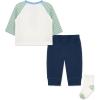Little Me Baby Boys’ 3-Piece Jogger Set, Crew Neck Shirt, Stripe Pant, and Coordinating Socks, 3 to 24 Months(Insignia Blue Jeep)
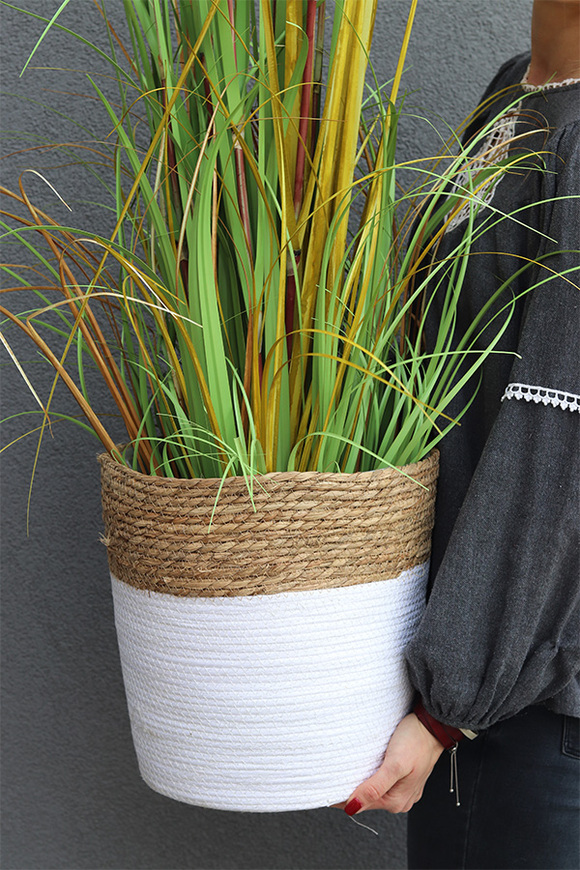 Naturiso Basket, sztuczna trawa pampasowa w koszu, wys.150cm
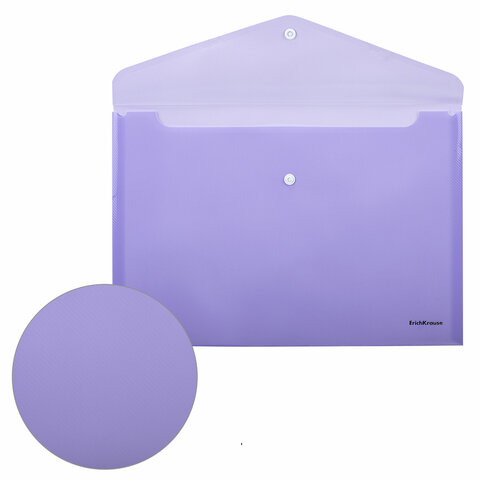 Папка-конверт с кнопкой ERICH KRAUSE "Diagonal Pastel", А4, до 120 л., непрозрачная, ассорти, 0,18 мм, 50322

**What you will do**
When you copy the listing, keep every line exactly as it is but leave out all images.

**Your solution**
Little Me Baby Boys’ 3-Piece Jogger Set, Crew Neck Shirt, Stripe Pant, and Coordinating Socks, 3 to 24 Months(Insignia Blue Jeep)
 Naturiso Basket, sztuczna trawa pampasowa w koszu, wys.150cm
 Папка-конверт с кнопкой ERICH KRAUSE "Diagonal Pastel", А4, до 120 л., непрозрачная, ассорти, 0,18 мм, 50322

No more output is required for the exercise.